> GIVEN DATA:

================

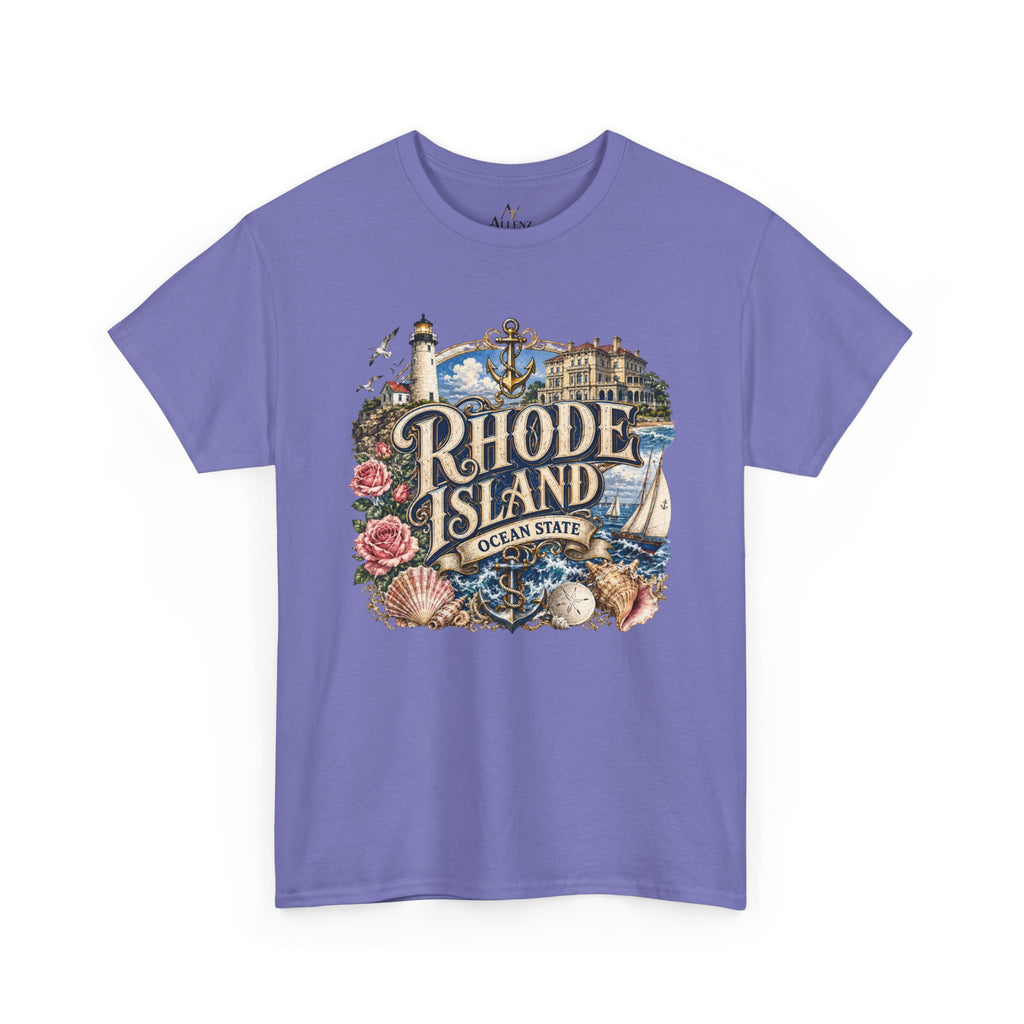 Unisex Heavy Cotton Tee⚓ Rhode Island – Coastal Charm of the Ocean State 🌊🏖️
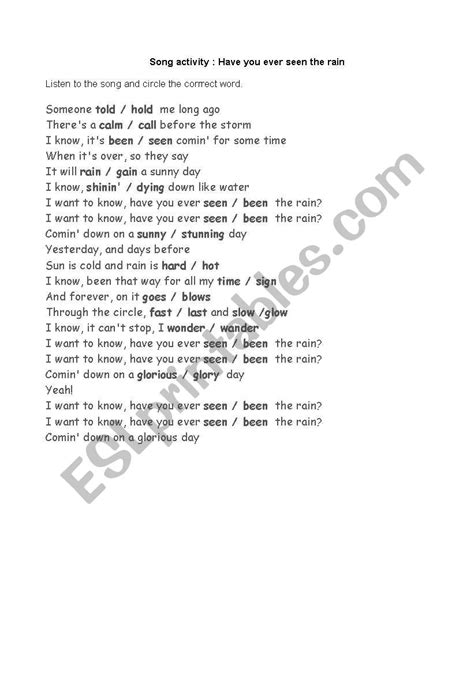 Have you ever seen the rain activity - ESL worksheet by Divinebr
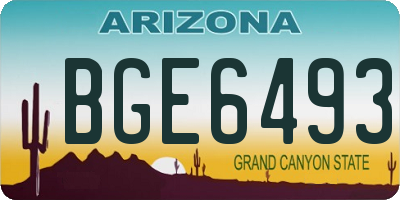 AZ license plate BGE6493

================

> TASK TO CARRY OUT: A verbatim transcript of the material above, with images dropped, is the expected output.

> TASK RESPONSE:
 Unisex Heavy Cotton Tee⚓ Rhode Island – Coastal Charm of the Ocean State 🌊🏖️
 Have you ever seen the rain activity - ESL worksheet by Divinebr
 AZ license plate BGE6493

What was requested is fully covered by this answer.